I am suing because unlike other investigative avenues, including congressional hearings and the 9/11 commission, my lawsuit requires all testimony be given under oath and fully uses powers to compel evidence.

The victims fund was not created in a spirit of compassion. Rather, it was a tacit acknowledgement by Congress that it tampered with our civil justice system in an unprecedented way. Lawmakers capped the liability of the airlines at the behest of lobbyists who descended on Washington while the Sept. 11 fires still smoldered.

And this liability cap protects not just the airlines, but also World Trade Center builders, safety engineers and other defendants.

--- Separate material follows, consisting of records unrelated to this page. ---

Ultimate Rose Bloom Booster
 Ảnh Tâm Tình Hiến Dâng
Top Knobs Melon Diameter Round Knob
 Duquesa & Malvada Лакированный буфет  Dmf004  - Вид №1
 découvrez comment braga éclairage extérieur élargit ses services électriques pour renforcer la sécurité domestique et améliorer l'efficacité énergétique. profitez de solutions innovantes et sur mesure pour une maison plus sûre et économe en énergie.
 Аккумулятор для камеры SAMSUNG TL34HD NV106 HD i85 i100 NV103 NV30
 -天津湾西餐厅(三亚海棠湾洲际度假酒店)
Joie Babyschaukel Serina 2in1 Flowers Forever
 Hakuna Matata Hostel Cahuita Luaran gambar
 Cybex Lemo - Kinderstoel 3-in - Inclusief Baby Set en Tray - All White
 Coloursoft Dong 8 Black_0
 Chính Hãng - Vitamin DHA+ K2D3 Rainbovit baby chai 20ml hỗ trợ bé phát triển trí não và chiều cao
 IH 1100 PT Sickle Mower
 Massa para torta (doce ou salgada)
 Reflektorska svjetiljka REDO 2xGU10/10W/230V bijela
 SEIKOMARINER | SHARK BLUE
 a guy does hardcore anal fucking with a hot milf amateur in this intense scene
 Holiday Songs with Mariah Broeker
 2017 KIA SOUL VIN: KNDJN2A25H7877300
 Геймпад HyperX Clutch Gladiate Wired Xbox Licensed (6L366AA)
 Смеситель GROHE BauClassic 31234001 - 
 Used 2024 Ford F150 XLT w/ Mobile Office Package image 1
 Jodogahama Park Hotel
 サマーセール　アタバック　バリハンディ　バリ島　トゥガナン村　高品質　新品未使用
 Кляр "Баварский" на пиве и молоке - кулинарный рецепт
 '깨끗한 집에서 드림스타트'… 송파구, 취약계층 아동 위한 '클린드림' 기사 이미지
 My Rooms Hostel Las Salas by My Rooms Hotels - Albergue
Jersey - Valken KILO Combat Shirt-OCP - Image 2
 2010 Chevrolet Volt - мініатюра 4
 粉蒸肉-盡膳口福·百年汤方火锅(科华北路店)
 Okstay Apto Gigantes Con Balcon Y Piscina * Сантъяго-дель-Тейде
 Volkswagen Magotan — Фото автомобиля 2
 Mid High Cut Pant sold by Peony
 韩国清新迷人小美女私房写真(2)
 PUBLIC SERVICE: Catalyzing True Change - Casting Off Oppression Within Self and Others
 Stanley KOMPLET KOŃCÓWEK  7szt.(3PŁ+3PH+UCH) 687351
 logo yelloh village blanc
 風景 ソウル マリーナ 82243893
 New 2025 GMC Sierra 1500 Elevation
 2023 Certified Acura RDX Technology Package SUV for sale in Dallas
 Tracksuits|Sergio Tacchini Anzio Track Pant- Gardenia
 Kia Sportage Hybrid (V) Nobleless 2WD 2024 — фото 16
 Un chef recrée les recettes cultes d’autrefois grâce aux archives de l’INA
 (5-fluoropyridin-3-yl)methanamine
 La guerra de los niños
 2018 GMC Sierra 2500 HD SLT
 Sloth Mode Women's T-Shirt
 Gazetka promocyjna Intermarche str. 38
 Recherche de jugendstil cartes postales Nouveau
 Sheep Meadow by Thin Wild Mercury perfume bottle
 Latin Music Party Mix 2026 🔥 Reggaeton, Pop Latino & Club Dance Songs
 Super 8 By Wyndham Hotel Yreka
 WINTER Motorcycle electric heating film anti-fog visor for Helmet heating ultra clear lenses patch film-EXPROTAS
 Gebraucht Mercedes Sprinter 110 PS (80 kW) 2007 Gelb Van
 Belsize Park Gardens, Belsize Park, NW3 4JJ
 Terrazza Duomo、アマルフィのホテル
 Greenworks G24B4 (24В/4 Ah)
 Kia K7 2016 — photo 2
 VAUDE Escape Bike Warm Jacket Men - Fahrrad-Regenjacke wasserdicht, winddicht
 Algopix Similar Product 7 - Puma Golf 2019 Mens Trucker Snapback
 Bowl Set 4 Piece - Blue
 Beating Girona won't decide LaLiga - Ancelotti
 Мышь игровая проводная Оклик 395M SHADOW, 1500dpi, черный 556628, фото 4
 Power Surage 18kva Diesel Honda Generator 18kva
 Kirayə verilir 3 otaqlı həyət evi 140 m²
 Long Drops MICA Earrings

The caps on liability have consequences for those who want to sue to shed light on the mistakes of 9/11. It means the playing field is tilted steeply in favor of those who need to be held accountable. With the financial consequences other than insurance proceeds removed, there is no incentive for those whose negligence contributed to the death toll to acknowledge their failings or implement reforms. They can afford to deny culpability and play a waiting game.

By suing, I've forfeited the "$1.8 million average award" for a death claim I could have collected under the fund. Nor do I have any illusions about winning money in my suit. What I do know is I owe it to my husband, whose death I believe could have been avoided, to see that all of those responsible are held accountable. If we don't get answers to what went wrong, there will be a next time. And instead of 3,000 dead, it will be 10,000. What will Congress do then?

So I say to Congress, big business and everyone who conspired to divert attention from government and private-sector failures: My husband's life was priceless, and I will not let his death be meaningless. My silence cannot be bought.

9/11 widow known for activism killed in Buffalo crash
WASHINGTON (AP) — One of the victims of the Buffalo commuter plane crash, Beverly Eckert, was a Sept. 11 widow who put her never-ending grief to good use to make the country safer.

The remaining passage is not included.